**EXERCISE AIM**
Quote, word for word, only the lines running from the line with "Non Firing Replica" through the end of the listing. Leave out the pictures.

**GIVEN DATA**
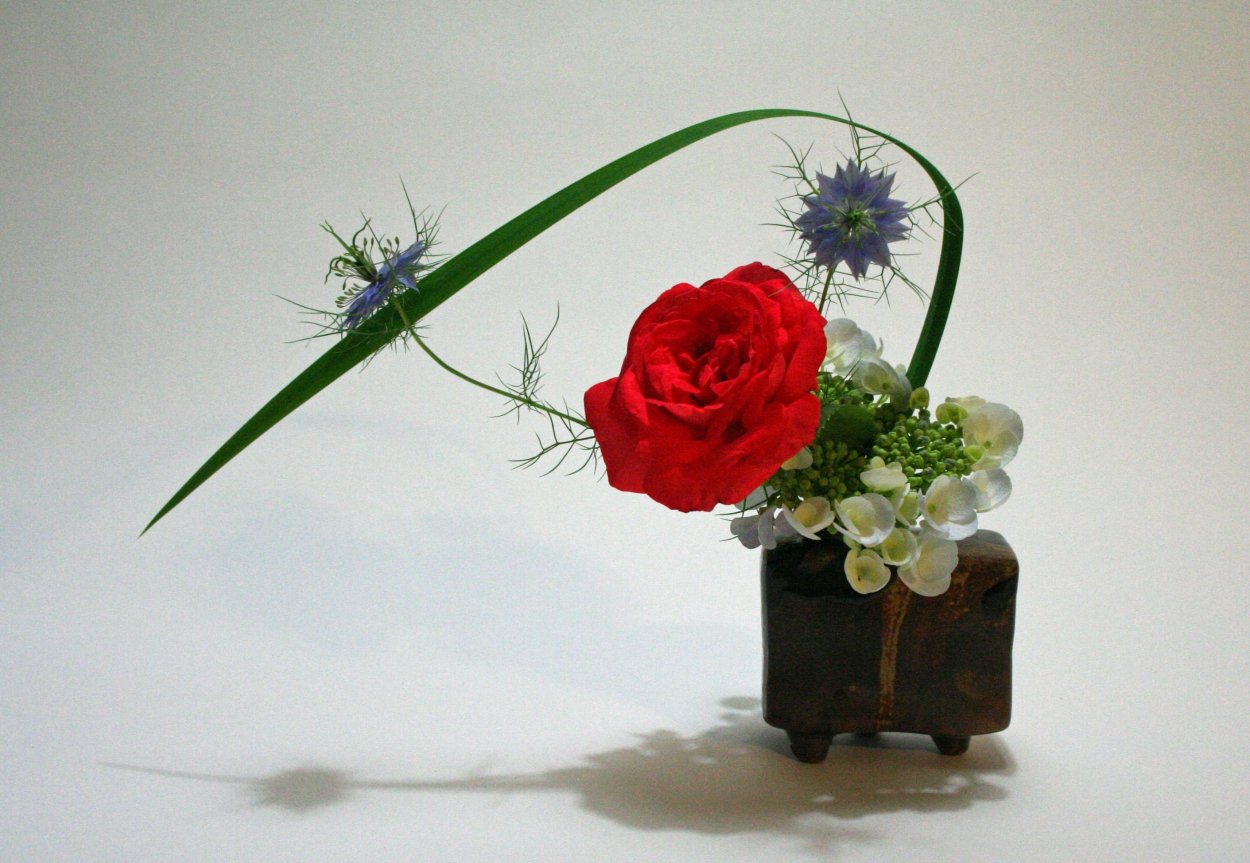 Икебана с розами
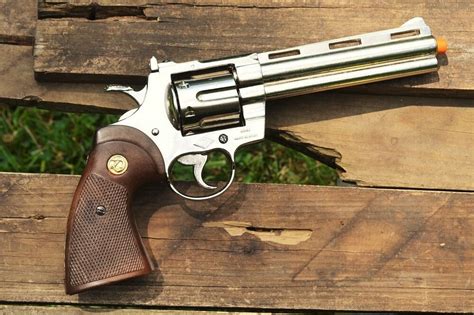 Non Firing Replica Colt Python 357 Magnum Revolver 357 The Walking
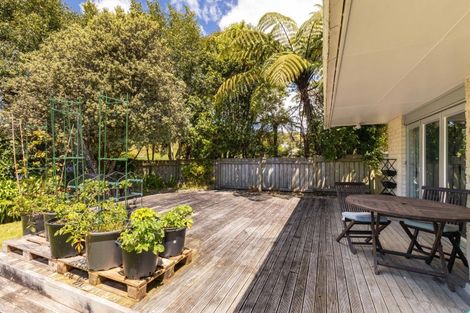 Photo of property in 2 Te Ngaere Place, Merrilands, New Plymouth, 4312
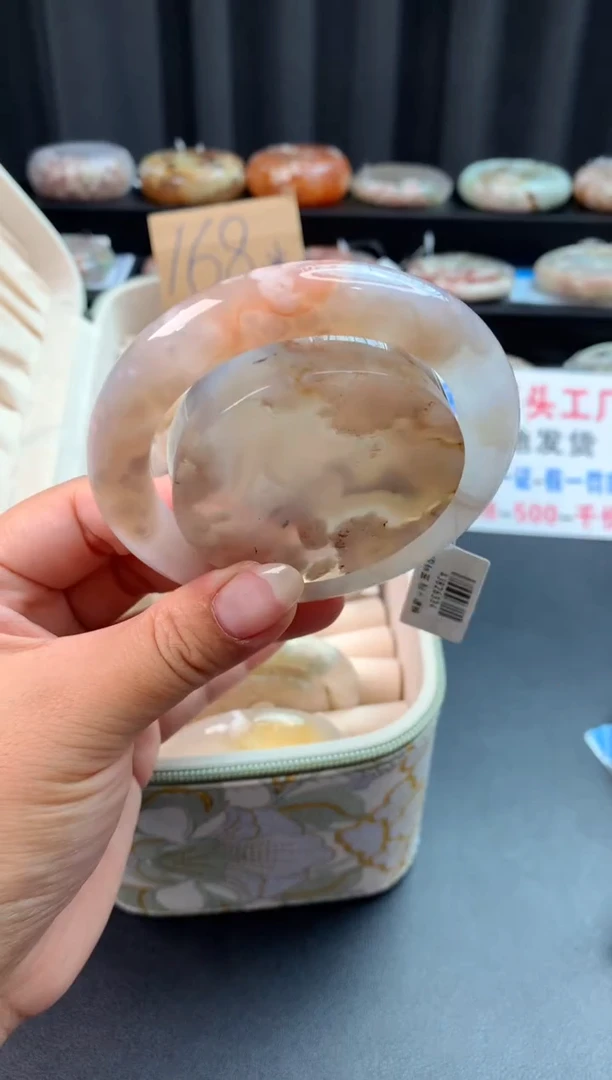 未镶嵌手镯石英质玉（58圈口）赠送镯心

**EXERCISE ANSWER**
 Non Firing Replica Colt Python 357 Magnum Revolver 357 The Walking
 Photo of property in 2 Te Ngaere Place, Merrilands, New Plymouth, 4312
 未镶嵌手镯石英质玉（58圈口）赠送镯心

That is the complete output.